Any amount which has been written off against the goodwill in the books will not affect the consolidated financial statements and the branch entity.
If the total impairment loss is more than the amount allocated against recognized and goodwill of books, the excess goodwill be allocated against any other assets on a pro-rata basis. This loss will be shared between the parent and non-controlling entity in the normal proportion of their usual sharing of profits and losses.
Gross goodwill and impairment review:
When goodwill has been calculated in gross, any impairment loss will be allocated between the parent and NCI in the normal proportion of their profit and loss sharing ratio.
Example of impairment review of proportionate goodwill:
The year-end impairment review is being conducted on a 65% owned subsidiary. At the date of the review, the carrying amount of assets of the subsidiary was 200 million, and goodwill attributable to the parent was 250 million, and the recovery amount of the subsidiary was 400 million.
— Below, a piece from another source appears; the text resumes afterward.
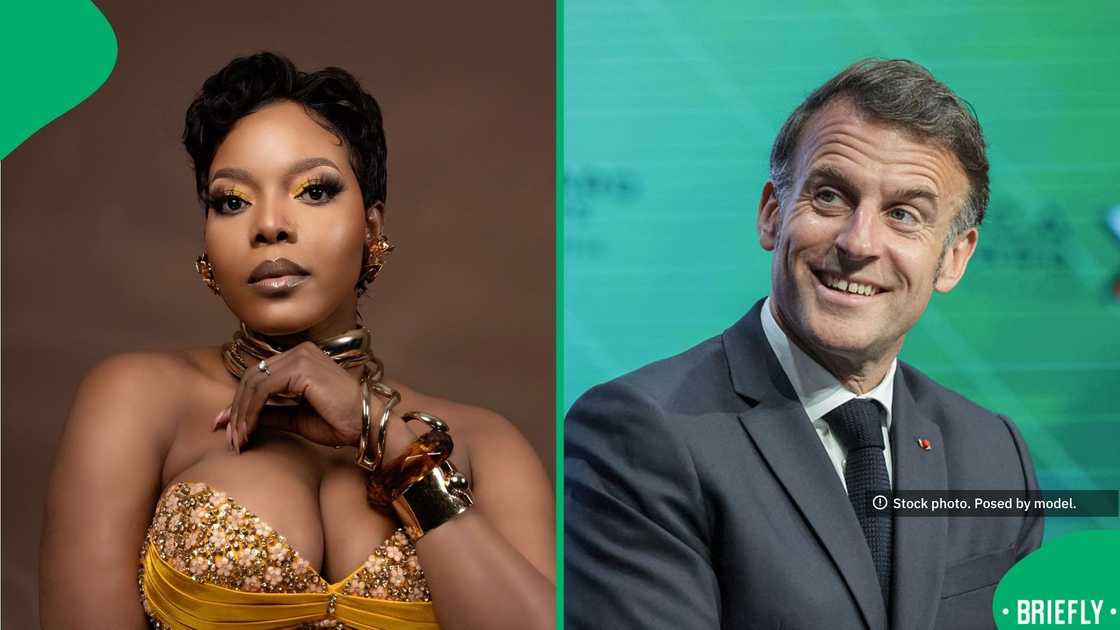 The visual on the left showed singer and songwriter Nomcebo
Now it is necessary to gross up the goodwill so
Gross goodwill= 250*100/65=384.62 million
Now for the purpose of impairment review, the goodwill of 384.62 million and net assets of 200 million form the carrying amount of cash-generating unit.
Carrying amount of:
|Net assets||200 million|
|Recoverable amount||400 million|
|Impairment loss||184.62 million|
The impairment loss, in this case, is less than the total of recognized and unrecognized goodwill, so in this case, goodwill is only impaired, not other assets. Only the parent’s share of goodwill impairment loss will be recorded, i.e.65% of 184.62 million=120.003 million.
Impairment review of gross goodwill:
At the year-end impairment, a review is conducted on 70% owned subsidiary. The carrying amount of net assets was 600 million and gross goodwill of 450 million out of which (60 million allocated to NCI) and the recoverable value of the subsidiary as 700 million.
The impairment review of goodwill is actually the impairment review of goodwill and net assets of NCI as a Cash generating unit for which we can calculate the recoverable value.
|Net assets||600 million|
|Recoverable amount||700 million|
|Impairment loss||350 million|
This impairment loss will be used to write down the value of goodwill so that goodwill will appear in books at 450-350=100 million
In the PL statement, an impairment loss of 350 million will be charged as an extra-operating expense.
How to perform an impairment test for goodwill?
- Start impair testing early. Goodwill can be tested earlier at the beginning. If any impairment indicator arises between the testing date and balance sheet date, the impairment assessment should be updated.
- Comply with the disclosure requirements such as
- Key assumptions on which management bases its cash flow projections
- The period over which cash flows have been projected
- The growth rate used to extrapolate cash flow projections beyond the period covered by budgets.
- Allocate goodwill to the appropriate Cash generating units: Goodwill doesn’t generate cash flow independently, so the recoverable value can’t be independently measured. So, goodwill acquired in the acquisition is allocated from the acquisition date to each of the Cash generating units that are expected to take advantage of the synergy.
- Make sure that the cash flows are consistent with the assets being tested. They must match with each other.
- Reconcile the final result by comparing it with the external market data and check whether the economic assumptions made earlier still make sense.
- Pay attention to market capitalization. If the market capitalization is lower than the value in use, then the assumptions made about the market environment can be challenged.
- Cash flows used in the impairment calculations should be reasonable: Forecasts made in the previous months need to be rechecked and reassessed. Forecasts should be made on the latest management budgets. Greater weightage should be given to evidence sourced from outside.
- Value in use should comply with the standard.